While AbLead enforces strict multi-tenant isolation, cryptographic token hashing (SHA-256), and granular permission scopes within its own platform:

  • Secure In-Transit Data Transfer (OAuth 2.0): All data exchange between AbLead and your AI assistant is encrypted in transit using industry-standard TLS. Utilizing OAuth 2.0 ensures that the connection handshake, token generation, and API requests are authenticated securely without exposing static long-lived credentials or passwords.
  • External Data Transmission: When interacting with an AI assistant connected via MCP, your prompt queries and relevant campaign data (such as variable domain sequences, developability metrics, and candidate mutation designs) are transferred directly to your chosen AI assistant to fulfill analytical and engineering tasks.
  • AI Provider Terms & Policies: While data transfer to the AI client is secure, AbLead cannot control how third-party AI clients or LLM service providers store, process, or retain data once received.
  • Verify Client Privacy Policies: Before connecting an external AI assistant to proprietary discovery campaigns, ensure that the AI client and subscription tier you use (such as enterprise plans with Anthropic, Google, or locally hosted private models) guarantee data privacy, offer zero data retention, and do not use your proprietary biotherapeutic data for model training or public logging.

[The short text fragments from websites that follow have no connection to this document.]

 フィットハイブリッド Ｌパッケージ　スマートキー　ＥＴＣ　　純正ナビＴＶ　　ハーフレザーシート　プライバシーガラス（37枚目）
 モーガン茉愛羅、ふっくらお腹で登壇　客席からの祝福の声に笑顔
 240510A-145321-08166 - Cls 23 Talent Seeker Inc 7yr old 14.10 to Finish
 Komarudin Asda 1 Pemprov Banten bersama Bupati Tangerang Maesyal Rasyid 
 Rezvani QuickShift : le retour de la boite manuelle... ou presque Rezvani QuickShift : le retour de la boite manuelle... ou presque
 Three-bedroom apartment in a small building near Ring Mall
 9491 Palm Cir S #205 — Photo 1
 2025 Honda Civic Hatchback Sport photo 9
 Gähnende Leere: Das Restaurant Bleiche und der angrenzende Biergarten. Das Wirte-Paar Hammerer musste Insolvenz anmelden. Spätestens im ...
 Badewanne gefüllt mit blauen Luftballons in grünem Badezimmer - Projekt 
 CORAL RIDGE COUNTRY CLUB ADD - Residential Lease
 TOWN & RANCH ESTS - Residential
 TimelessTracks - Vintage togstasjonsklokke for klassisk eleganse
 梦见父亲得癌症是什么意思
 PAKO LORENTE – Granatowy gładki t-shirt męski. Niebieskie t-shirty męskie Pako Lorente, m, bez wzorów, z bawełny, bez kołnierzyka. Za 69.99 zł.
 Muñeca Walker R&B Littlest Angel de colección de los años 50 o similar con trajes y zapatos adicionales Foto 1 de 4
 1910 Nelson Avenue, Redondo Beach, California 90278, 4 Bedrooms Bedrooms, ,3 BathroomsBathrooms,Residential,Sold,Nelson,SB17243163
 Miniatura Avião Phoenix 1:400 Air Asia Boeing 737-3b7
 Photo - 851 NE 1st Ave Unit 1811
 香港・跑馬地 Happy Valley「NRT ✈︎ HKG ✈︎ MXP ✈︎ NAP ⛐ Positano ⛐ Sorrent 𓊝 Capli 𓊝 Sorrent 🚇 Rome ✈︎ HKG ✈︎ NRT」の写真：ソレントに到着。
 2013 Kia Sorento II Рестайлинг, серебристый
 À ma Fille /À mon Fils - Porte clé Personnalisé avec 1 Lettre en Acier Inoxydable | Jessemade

How to Revoke Authorizations and Keys

You retain real-time control over all external AI connections. If an assistant is no longer needed, a session expires, or a device is retired, you can revoke access instantly:

  1. Sign into your AbLead account.
  2. Open your User Profile & Settings (click your user avatar in the top right navigation bar and select Profile).
  3. Scroll down to the AI & Model Context Protocol (MCP) Integrations section.
  4. Locate the connection in the Active Access Tokens & AI Authorizations table (e.g., "Claude Desktop", "Google Gemini Extension", or a custom PAT name).
  5. Click the red Revoke button (trash / ban icon) on the corresponding row.
  6. Confirm the revocation in the dialog prompt.

What Happens Upon Revocation:

  • Instant Database Invalidation: The token's is_revoked flag is set to True in the AbLead database immediately across all application instances.
  • Immediate 401 Rejection: Any active or subsequent request from that AI assistant using the revoked token will fail instantly with HTTP 401 Unauthorized and an OAuth challenge.
  • No Lingering Access: The assistant cannot execute tools, read campaign leads, or retrieve sequence annotations until re-authorized through a brand-new OAuth consent flow.